*** Block opens ***

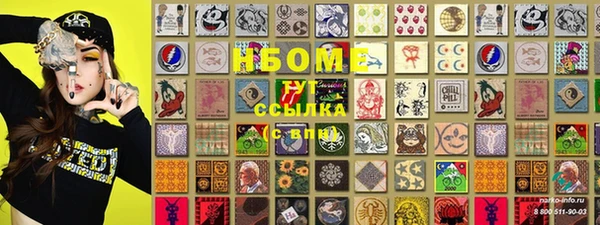 индика Богородск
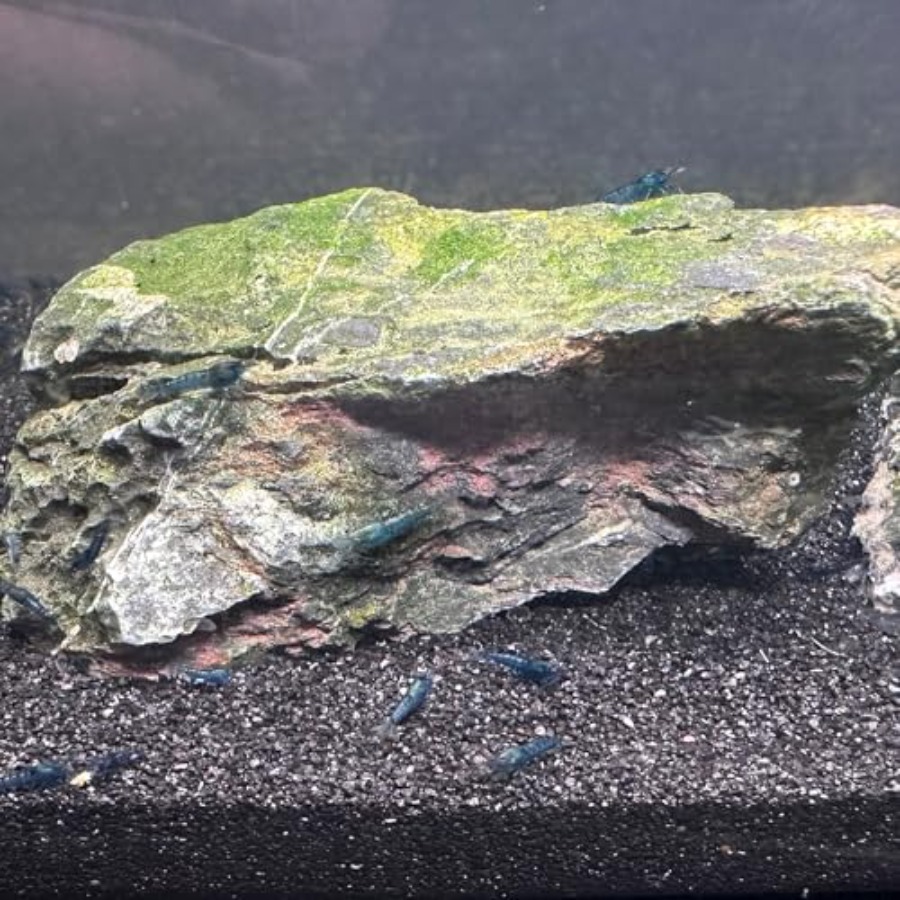 Aquarium Sand, 0 Fish Tank San - Aquarium Planted Sand ulasan dan harga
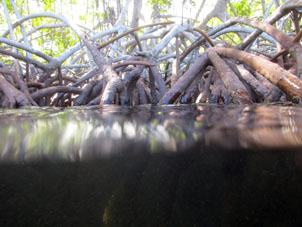 Попытка сфотографировать подводную и надводную части мангр одновременно.
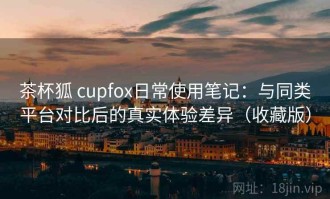 茶杯狐 cupfox日常使用笔记：与同类平台对比后的真实体验差异（收藏版）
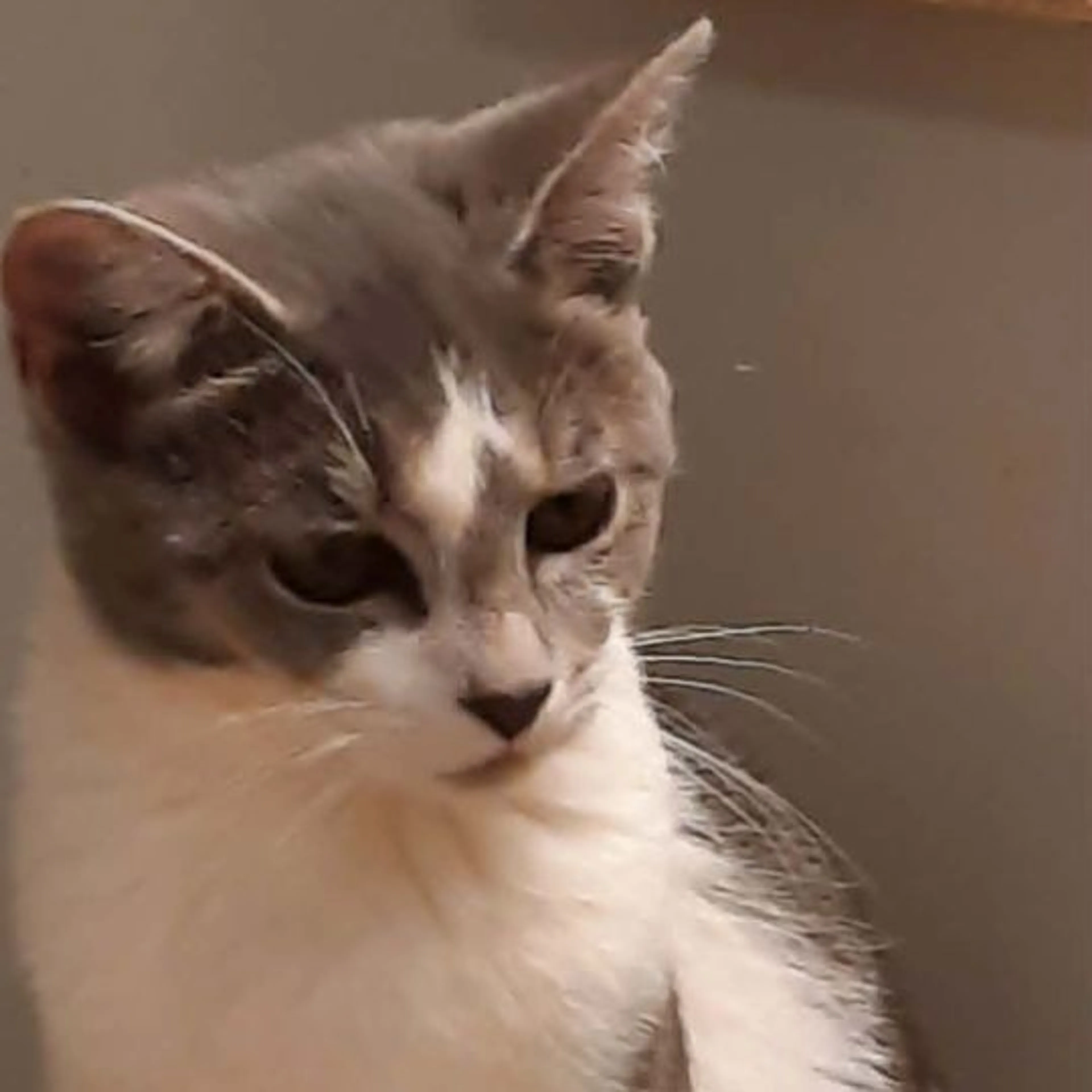 Lost pet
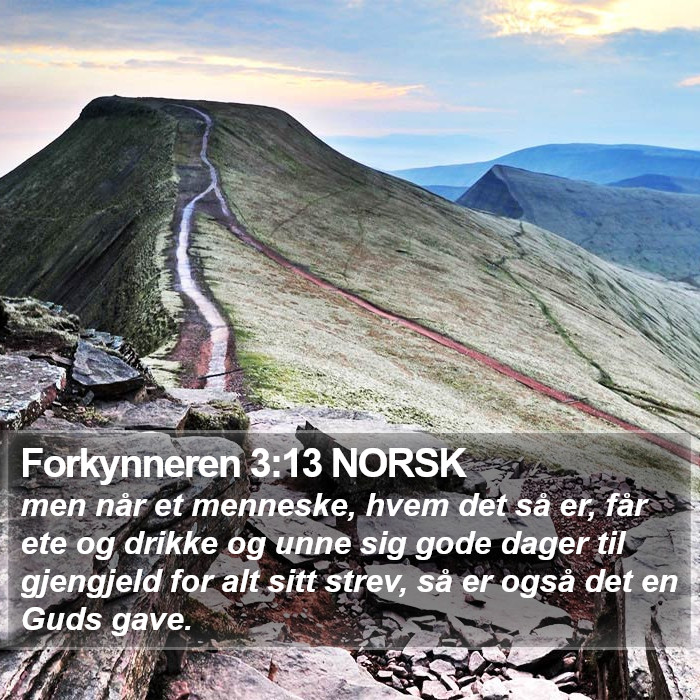 Forkynneren 3:13 NORSK Bible Study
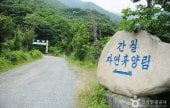Ganwol Recreational Forest 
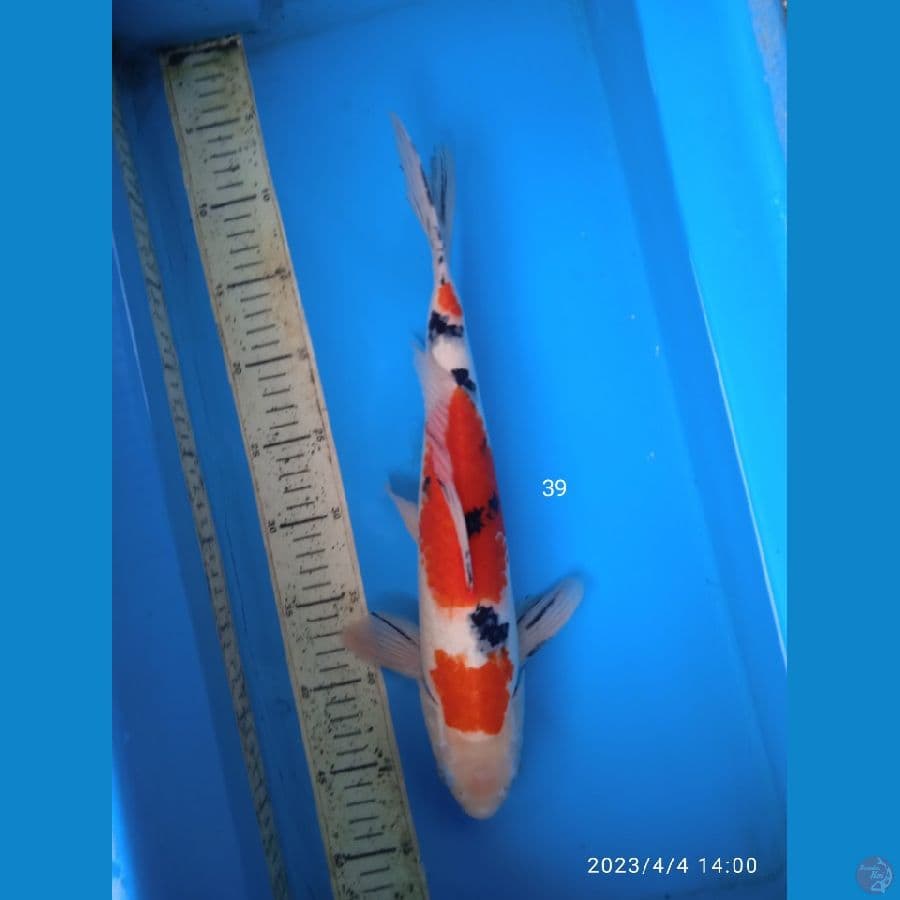 sanke 39cm
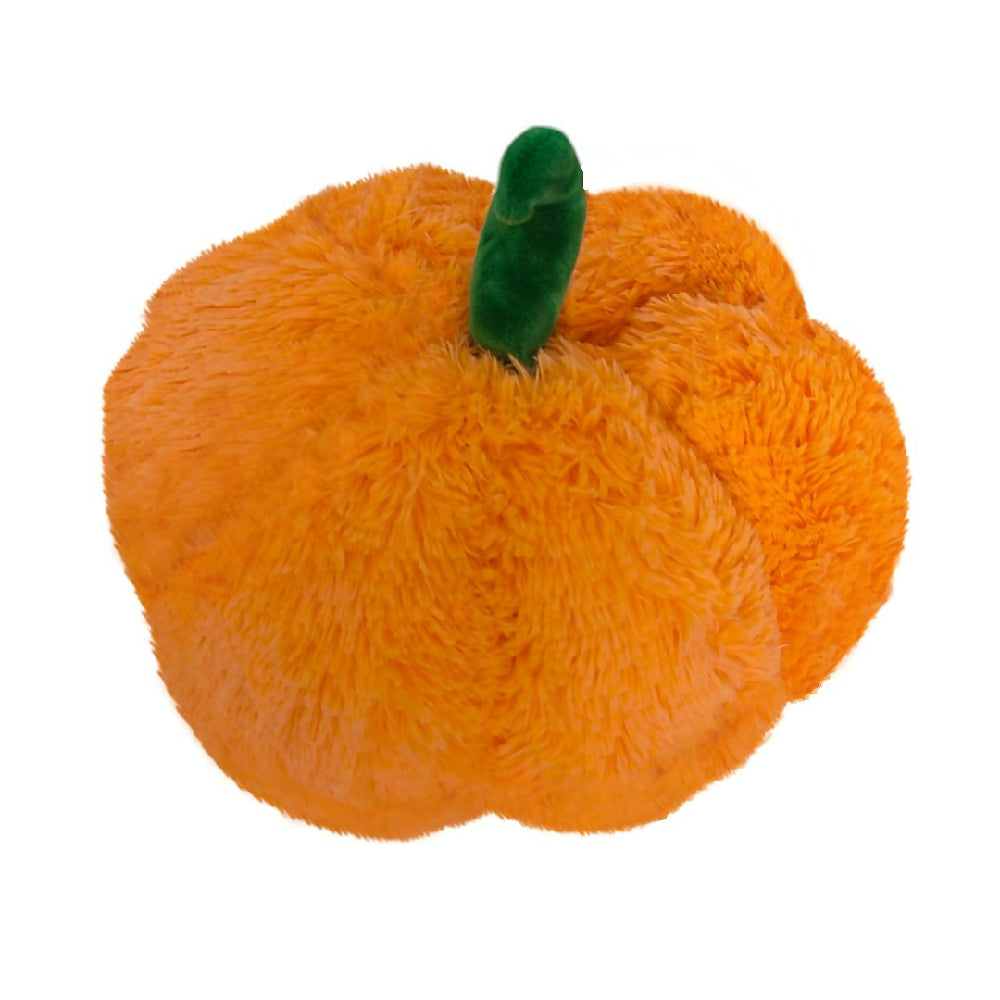 CALABAZA NARANJA (1)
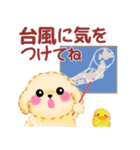 かわいいトイプードルの夏（個別スタンプ：24）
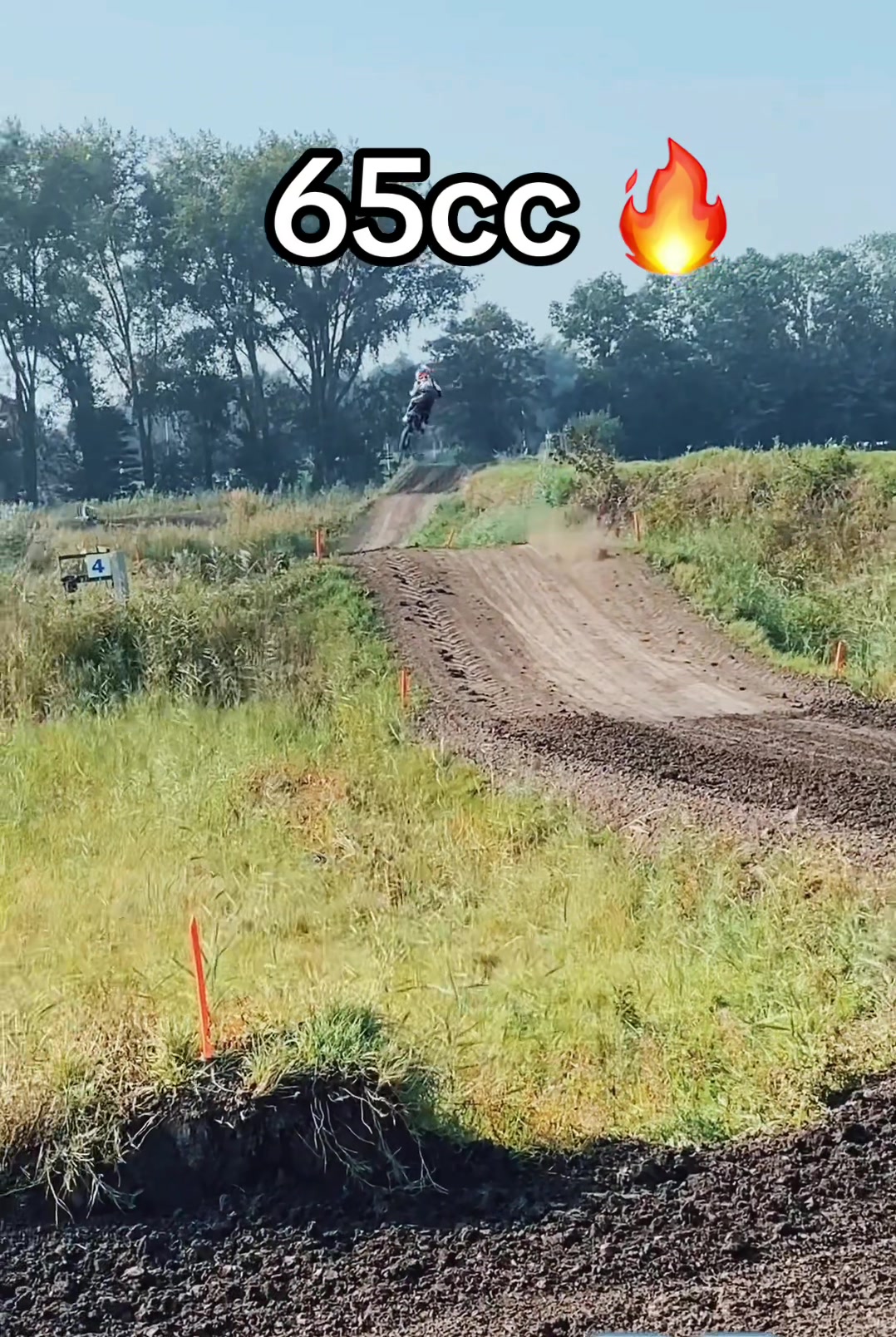 @Liljann141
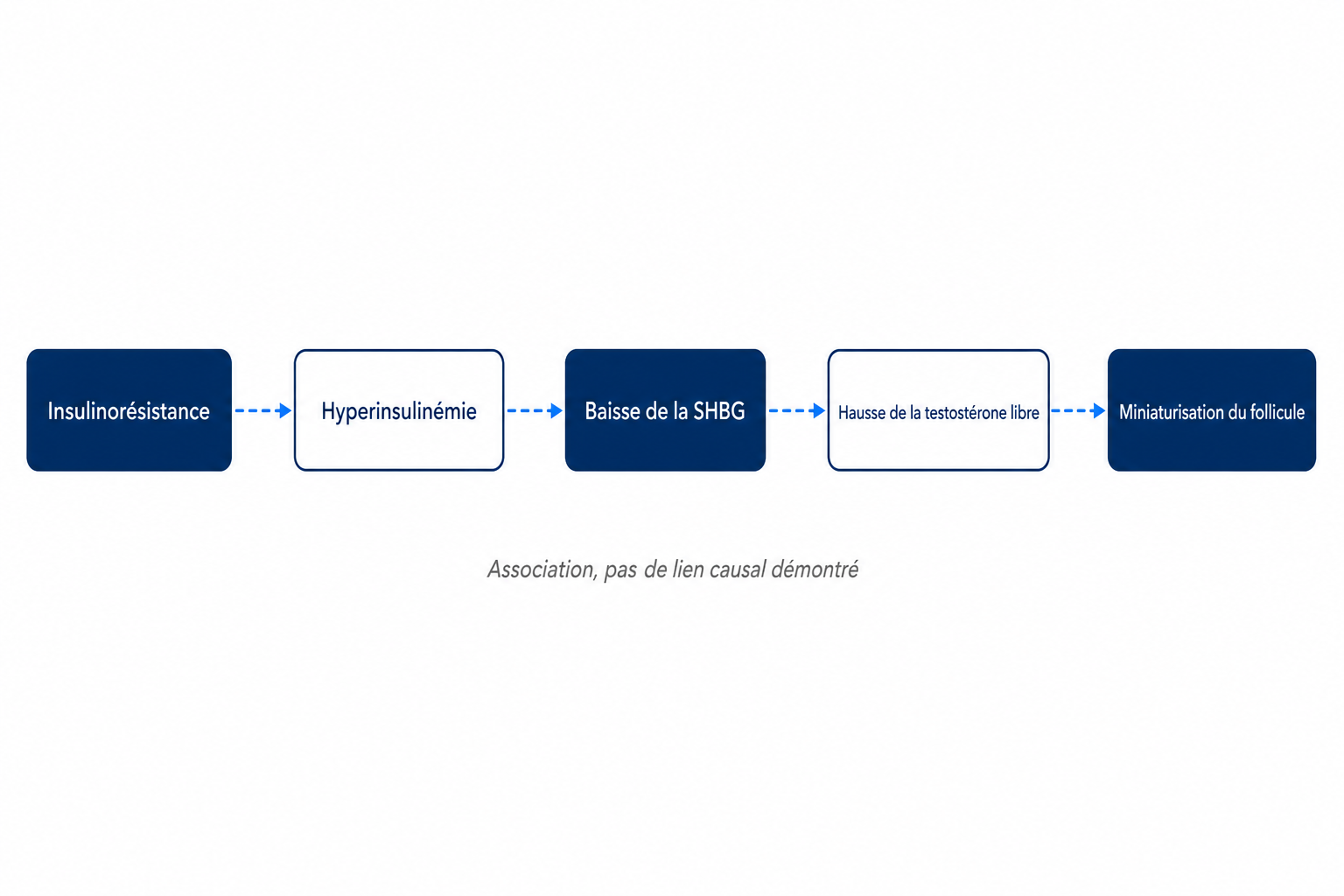 Schéma de la chaîne discutée allant de l'insulinorésistance à la miniaturisation du follicule pileux, en passant par l'hyperinsulinémie et la SHBG
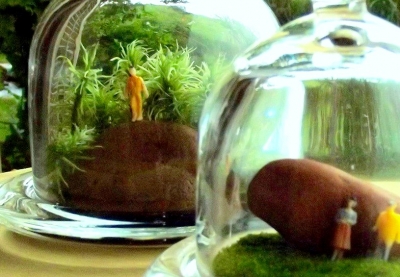 Um planeta em miniatura: terrários são bonitos, originais e fáceis de manter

*** Block closes ***

Your goal.
Having located the line with "Ganwol Recreational Forest", copy it exactly along with every later line through the end of the listing above, but omit the pictures.

Output for this task.
Ganwol Recreational Forest 
 sanke 39cm
 CALABAZA NARANJA (1)
 かわいいトイプードルの夏（個別スタンプ：24）
 @Liljann141
 Schéma de la chaîne discutée allant de l'insulinorésistance à la miniaturisation du follicule pileux, en passant par l'hyperinsulinémie et la SHBG
 Um planeta em miniatura: terrários são bonitos, originais e fáceis de manter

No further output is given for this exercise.